→ Goal of the exercise:
Write out the listing below from the line containing "1000lbs Anhänger Dolly" to its last line, unaltered, ends included.

Dataset excerpts START

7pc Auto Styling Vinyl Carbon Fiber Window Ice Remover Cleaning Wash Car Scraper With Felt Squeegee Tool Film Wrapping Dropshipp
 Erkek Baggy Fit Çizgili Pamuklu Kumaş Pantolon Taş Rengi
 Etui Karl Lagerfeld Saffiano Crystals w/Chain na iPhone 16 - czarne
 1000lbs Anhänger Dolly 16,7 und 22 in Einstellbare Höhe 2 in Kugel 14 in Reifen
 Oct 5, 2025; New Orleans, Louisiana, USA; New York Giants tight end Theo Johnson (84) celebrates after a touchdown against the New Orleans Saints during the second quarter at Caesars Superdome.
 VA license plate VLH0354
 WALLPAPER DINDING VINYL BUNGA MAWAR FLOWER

Dataset excerpts END

→ Answer area:
 1000lbs Anhänger Dolly 16,7 und 22 in Einstellbare Höhe 2 in Kugel 14 in Reifen
 Oct 5, 2025; New Orleans, Louisiana, USA; New York Giants tight end Theo Johnson (84) celebrates after a touchdown against the New Orleans Saints during the second quarter at Caesars Superdome.
 VA license plate VLH0354
 WALLPAPER DINDING VINYL BUNGA MAWAR FLOWER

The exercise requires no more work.